Both birth parents gave child up, it wasn’t a case of no help! My Aunty was refused being able to adopting her as she had been passed from pillow to post because my Aunty was deemed to old, they also felt child needs father figure my Aunty although been married for over 20yrs been married to woman was held against her, plus my Aunty also would still require to work demanding job as girl had lot of complex needs that required more finical support. My aunty feels this unstableness of not have secure home add to stress of child. It’s taking its toll now on everyone. The help is for the soul purpose to benefit child, which includes support for those caring for child.

OP You don’t need to wait until he’s 16, please reach out to services, if you won’t don’t for yourself because you feel guilt do it for your child, even if just few more hours respite, you both need it and deserve it

Wallpapering · 17/07/2021 20:59

Not married for over 20yrs with partner for over 20yrs but they did eventually get married

EKGEMS · 17/07/2021 21:01

I feel your pain,@Defeatedbylife-my adult child (severely disabled) can be very loud at times and he can be very hard work but we love him so much. Lockdown has been so difficult but thankfully school resumes soon. Very little support for us-been wait listed for services his entire life!

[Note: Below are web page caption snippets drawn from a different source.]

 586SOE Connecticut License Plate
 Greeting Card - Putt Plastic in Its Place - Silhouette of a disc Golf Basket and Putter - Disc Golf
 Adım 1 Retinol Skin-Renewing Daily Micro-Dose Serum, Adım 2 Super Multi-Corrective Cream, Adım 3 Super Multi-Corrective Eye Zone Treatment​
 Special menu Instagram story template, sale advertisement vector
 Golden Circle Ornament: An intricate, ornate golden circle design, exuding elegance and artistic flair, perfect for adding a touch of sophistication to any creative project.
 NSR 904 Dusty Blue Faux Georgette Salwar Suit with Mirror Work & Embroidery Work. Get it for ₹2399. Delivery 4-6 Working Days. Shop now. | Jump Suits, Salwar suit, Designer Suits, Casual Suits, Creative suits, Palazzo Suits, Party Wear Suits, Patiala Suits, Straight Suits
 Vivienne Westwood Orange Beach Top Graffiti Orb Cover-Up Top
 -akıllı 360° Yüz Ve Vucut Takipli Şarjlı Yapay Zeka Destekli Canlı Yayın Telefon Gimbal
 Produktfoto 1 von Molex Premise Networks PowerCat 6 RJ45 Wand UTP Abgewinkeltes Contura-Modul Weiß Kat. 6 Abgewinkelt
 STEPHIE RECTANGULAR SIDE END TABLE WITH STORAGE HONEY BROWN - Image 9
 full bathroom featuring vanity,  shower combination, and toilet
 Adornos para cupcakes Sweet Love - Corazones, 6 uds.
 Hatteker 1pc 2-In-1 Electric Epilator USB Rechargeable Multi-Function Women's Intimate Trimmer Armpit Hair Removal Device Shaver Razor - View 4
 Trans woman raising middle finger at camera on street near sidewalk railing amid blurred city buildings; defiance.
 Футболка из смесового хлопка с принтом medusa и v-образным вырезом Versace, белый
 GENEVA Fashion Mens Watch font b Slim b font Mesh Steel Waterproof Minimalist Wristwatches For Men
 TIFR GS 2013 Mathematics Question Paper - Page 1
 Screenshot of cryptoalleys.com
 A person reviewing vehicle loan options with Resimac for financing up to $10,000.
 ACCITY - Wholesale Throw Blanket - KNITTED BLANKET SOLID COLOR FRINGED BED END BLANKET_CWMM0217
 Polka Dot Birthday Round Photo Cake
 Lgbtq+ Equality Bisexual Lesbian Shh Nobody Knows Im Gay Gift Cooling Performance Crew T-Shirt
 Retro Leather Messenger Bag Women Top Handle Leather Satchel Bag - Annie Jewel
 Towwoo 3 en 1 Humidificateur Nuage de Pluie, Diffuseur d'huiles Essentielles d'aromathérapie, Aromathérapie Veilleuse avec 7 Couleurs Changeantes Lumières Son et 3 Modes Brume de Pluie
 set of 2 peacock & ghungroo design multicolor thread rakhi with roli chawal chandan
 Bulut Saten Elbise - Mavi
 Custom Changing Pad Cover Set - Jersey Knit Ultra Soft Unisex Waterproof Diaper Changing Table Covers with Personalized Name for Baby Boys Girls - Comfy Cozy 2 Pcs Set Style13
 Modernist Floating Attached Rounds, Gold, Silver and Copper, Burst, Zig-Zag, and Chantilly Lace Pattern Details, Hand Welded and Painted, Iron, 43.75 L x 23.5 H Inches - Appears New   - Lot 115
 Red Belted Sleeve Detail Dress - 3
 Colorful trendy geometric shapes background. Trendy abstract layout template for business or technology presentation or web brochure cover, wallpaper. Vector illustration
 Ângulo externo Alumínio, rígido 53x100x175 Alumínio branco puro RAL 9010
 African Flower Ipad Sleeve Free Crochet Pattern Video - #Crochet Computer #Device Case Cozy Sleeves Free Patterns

Embracelife · 17/07/2021 23:11

My son had overnight respite breaks from age 10. You need to keep pushing your case
And be willing to hand over your child
To others

He moved into supported living age 20.
It takes time to get supported living availability etc commissioning the house the care etc.
But if you begin asking from teenage tears...
There is respite out there ask other local parents , put case for residential school benefitting the child. Ask about shared care Foster care.respite with Foster families.

Embracelife · 17/07/2021 23:13

Saying no won't help...say yes to anything offered.... let them tgen assess and say their service isnt appropriate and refer you back.
You gotta play the system.
"Parent not interested in support" on your file won't help your case....

Embracelife · 17/07/2021 23:15

That was to mauii2

""They offered to refer me to early help as a gesture of good will. I told them not to bother. My son needed disability specific support.":

Yes aBsolutely but sometimes you gotta play the long game and the system let them refer to early help...if early help then writes that your child needs something else you get back on track....look at local offer. "Saying " don't bother" won't help you.